▶ _Material provided_:
----
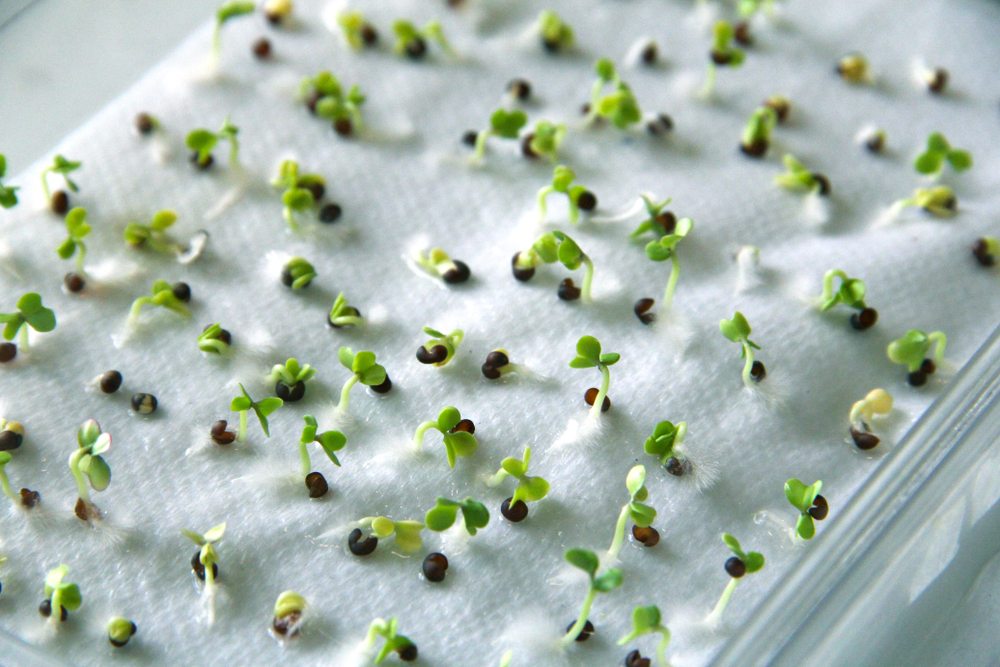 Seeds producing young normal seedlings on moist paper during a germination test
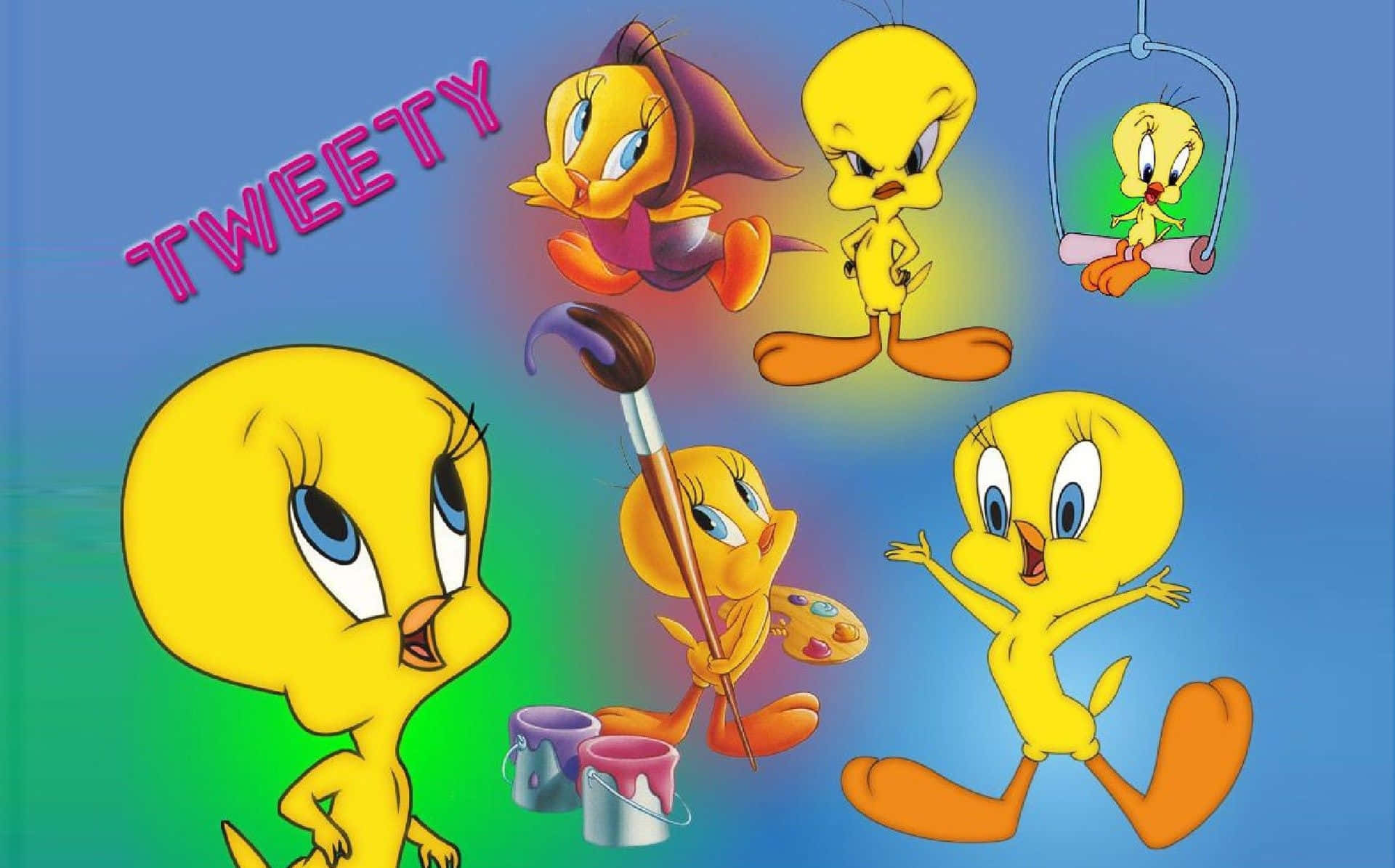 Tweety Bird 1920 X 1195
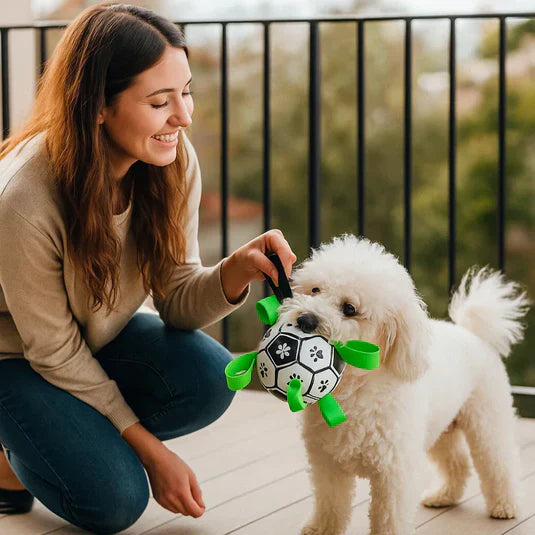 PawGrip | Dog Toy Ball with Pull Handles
----
▶ _What you will do_:
Retype the data word for word, please, and keep the images out.

▶ _Output for this task_:
 Seeds producing young normal seedlings on moist paper during a germination test
 Tweety Bird 1920 X 1195
 PawGrip | Dog Toy Ball with Pull Handles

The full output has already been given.